Here is my pre-training/trialing routine.
I do it any time I ask the dog to work away from my very familiar indoor areas.
- Prepare treats well before needed. You don’t want treat prep to be the cue for training!
- With dog still in the car or indoors, set up training gear and mat, load pockets etc. Again, you don’t want that set up and pocket loading to be a cue for work.
- Get dog – harness and longish lead is ideal.
- Go for a relaxed wander around the training/trial area. Allow the dog to sniff and check things out. Remember that for dogs, scents change, even if the place looks exactly the same to us each time.
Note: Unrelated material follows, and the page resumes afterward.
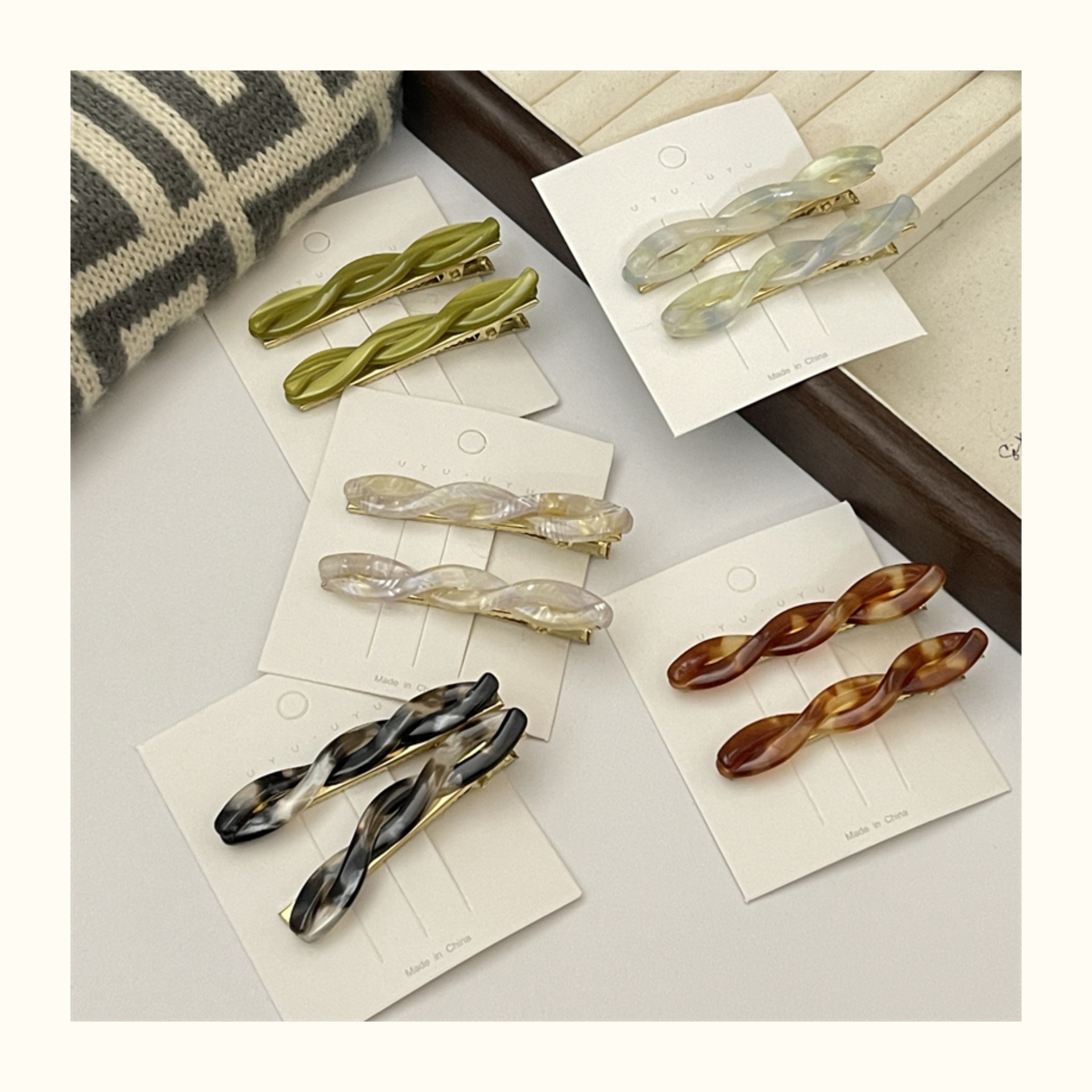 Women's Simple Style Twist Acetic Acid Sheets Hair Clip display picture 4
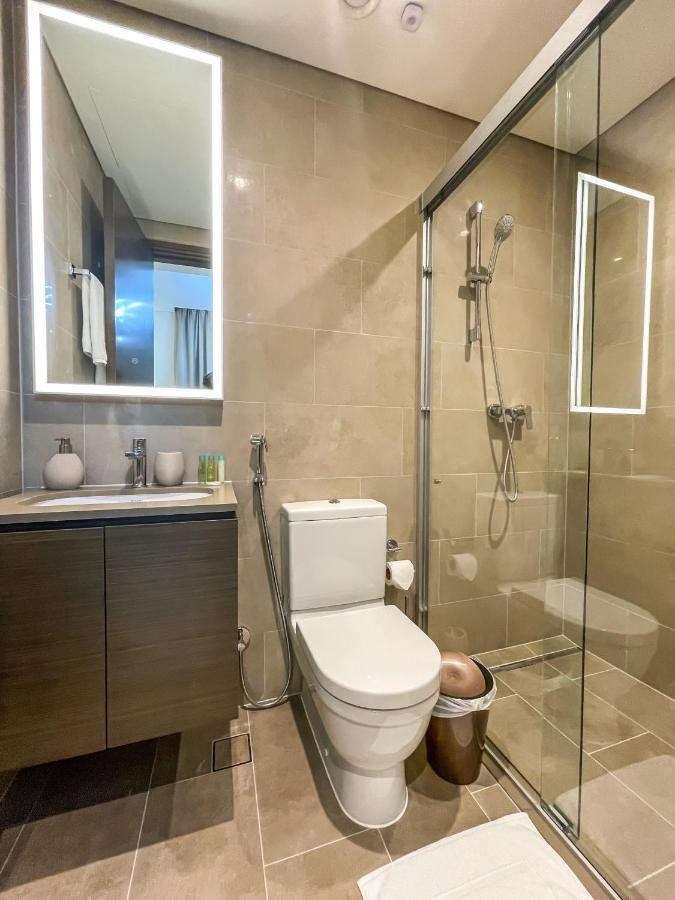 Mindblowing 2 Bedroom With Close View Of Burj Khalifa *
- Allow the dog to look at whatever is going on around him. Take your time, don’t rush. You want your dog to be comfortable and relaxed. Steps 3 – 5 should take 10 minutes or more.
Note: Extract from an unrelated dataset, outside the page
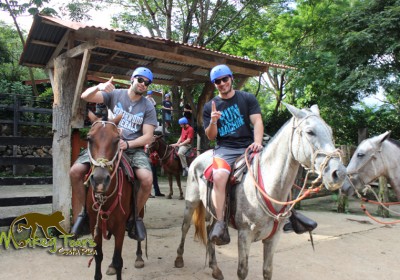 Horse back riding hacienda guachipelin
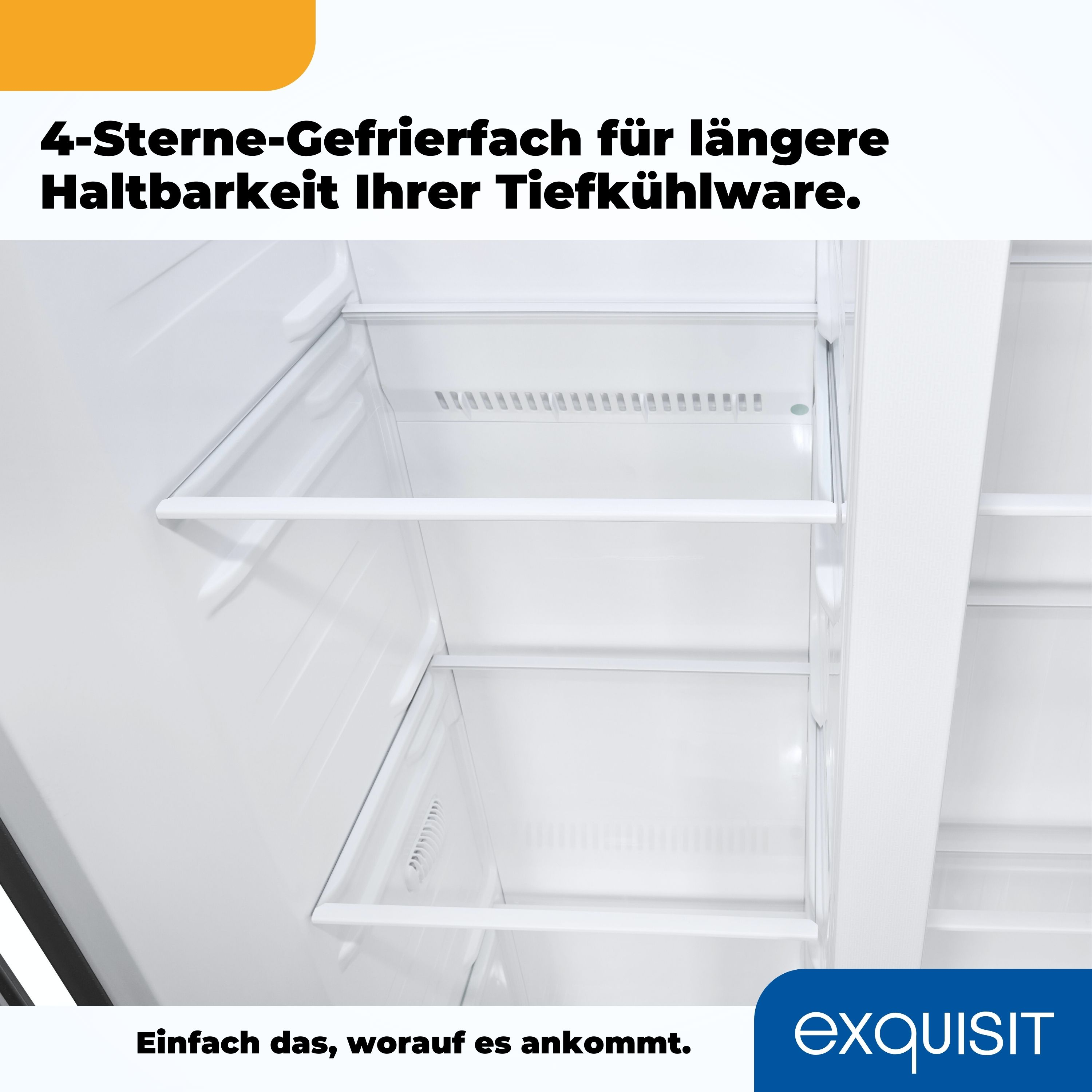 Innenraum eines geöffneten Kühlschranks mit Glasböden. Das Bild wirbt für ein Gefrierfach.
- Can he take treats? Some dogs look relaxed but are still emotionally too wired to eat. Once he can take treats happily (without taking your fingers too), move on.
- Can he disengage from the environment? Remove the harness. Play the attention game – toss the food far enough that he has to turn well away from you to get the treat. Can he turn back and re-engage immediately? Or is he ‘sticky’, taking a second or two to gawp before re-engaging? All fast and good? Move on. Sticky? Harness back on and go back to wandering for a few more minutes, or move further from the action, then try the attention game again.
- Can he respond to well-known cues like touch, spin, down etc? Yes? All snappy and clean? Go on to your training session. Incorrect, slow or messy response? Go back to the attention game.
You can see video of me working Felix through these steps in a busy place in this blog.
Don’t rush the teaching process!
All of these steps need to be practiced and your dog able to comfortably do each one before you actually start your ‘training’ session, and definitely before you think about trialing. Start teaching the routine in quiet, familiar places so you can be successful. Gradually build up to busier and busier places. The idea is that your dog learns that the routine predicts fun work/training with you.
If you misjudge the distraction level be prepared to scratch a training plan if your dog just isn’t ready to work. Or accept he’s telling you that for some reason he can’t concentrate in the environment, or doesn’t feel great today or whatever. No point at all in trying to work a dog who is only half there so don’t risk breaking things or building unpleasant associations by pushing it.
If you’re at a trial and your dog can’t do his pre-trial routine OUTSIDE the ring, maybe you should consider scratching. If he can’t work with you outside the ring, what are the chances he’ll be able to offer you 100% INSIDE it? Zero. Trust me. I speak from experience here.
By building a predictable pre-work routine we can greatly increase the odds that our dogs will be willing and able to give us 100% in our training and trialing. It takes away the conflict so many of us experience when our wants and requirements clash with what our dogs are able and willing to give us.
It allows them to feel safe and check out their surroundings and build an expectation of what will follow once they are ready. Most dogs progress through the routine faster and faster as they become more familiar with the pattern – and on the rare occasions the routine goes awry you’re given the ‘head’s up’ that all is not well in your dog’s mind BEFORE everything really goes to custard. What’s not to love? Why not take the time to build a pre-work routine into your everyday training and see how it helps you and your dog?